◆ **INPUT DATA**:
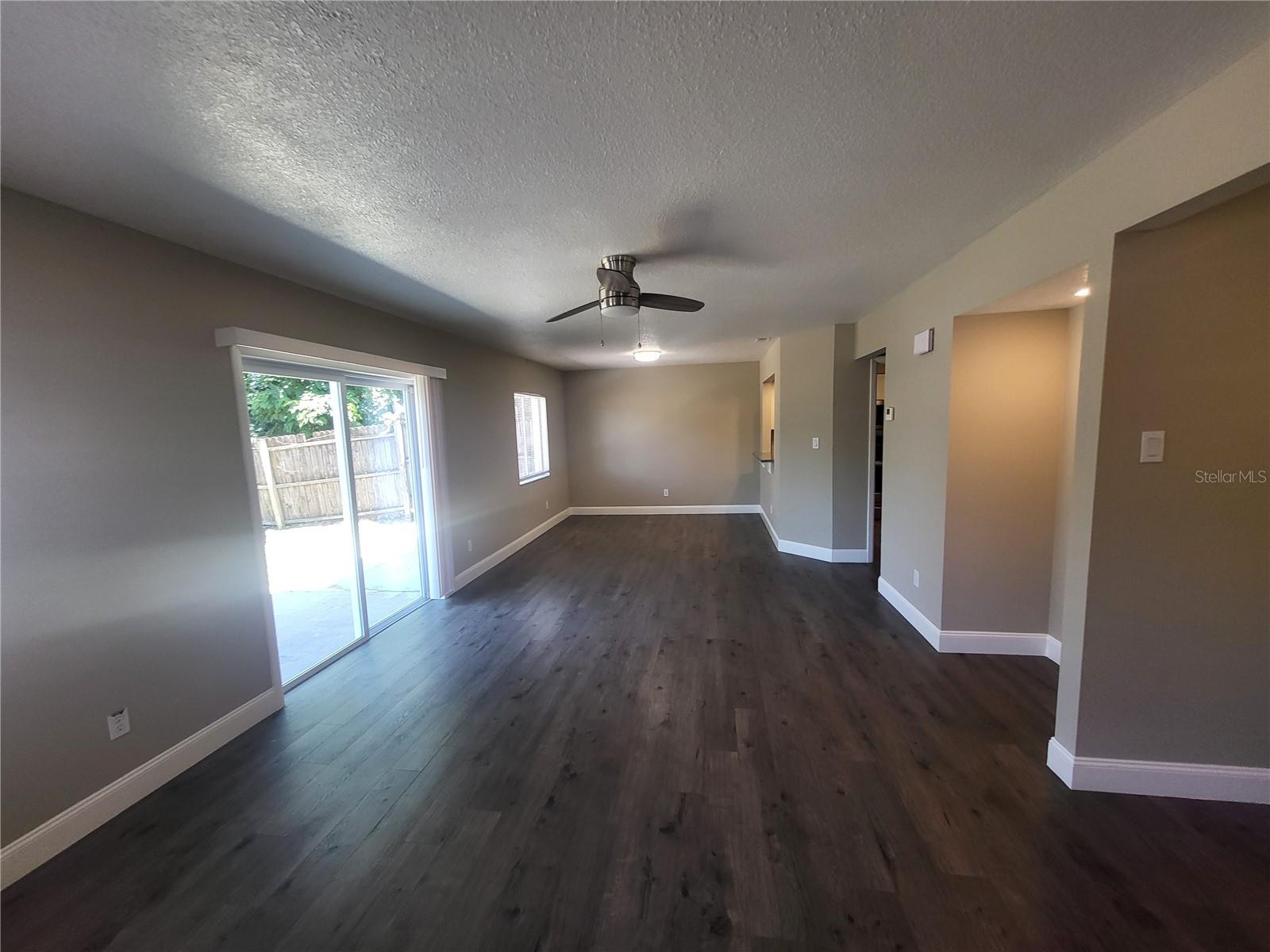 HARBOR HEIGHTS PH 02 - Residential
* * *
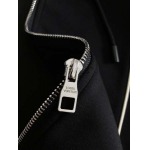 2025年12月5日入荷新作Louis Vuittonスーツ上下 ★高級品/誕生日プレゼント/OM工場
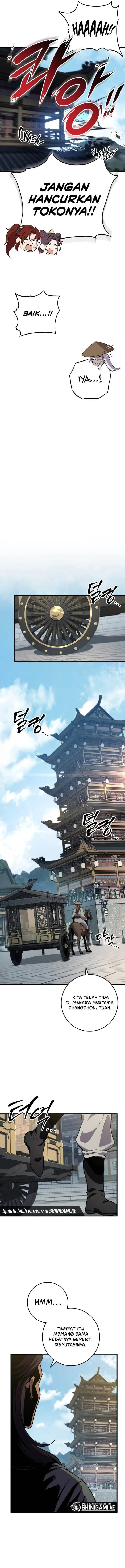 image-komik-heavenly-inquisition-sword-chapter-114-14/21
* * *
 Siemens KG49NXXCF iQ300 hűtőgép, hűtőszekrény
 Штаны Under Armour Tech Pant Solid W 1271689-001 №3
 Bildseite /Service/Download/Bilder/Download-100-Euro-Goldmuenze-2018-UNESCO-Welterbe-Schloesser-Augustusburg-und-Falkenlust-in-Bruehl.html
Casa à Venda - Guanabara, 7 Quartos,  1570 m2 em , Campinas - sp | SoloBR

◆ **HOW TO COMPLETE THIS TASK**: Only the lines from the one containing "Штаны Under Armour" through the one containing "Casa à Venda" are to be retyped, both boundary lines included, with no other material.

◆ **RESPONSE TO THIS EXERCISE**:
 Штаны Under Armour Tech Pant Solid W 1271689-001 №3
 Bildseite /Service/Download/Bilder/Download-100-Euro-Goldmuenze-2018-UNESCO-Welterbe-Schloesser-Augustusburg-und-Falkenlust-in-Bruehl.html
Casa à Venda - Guanabara, 7 Quartos,  1570 m2 em , Campinas - sp | SoloBR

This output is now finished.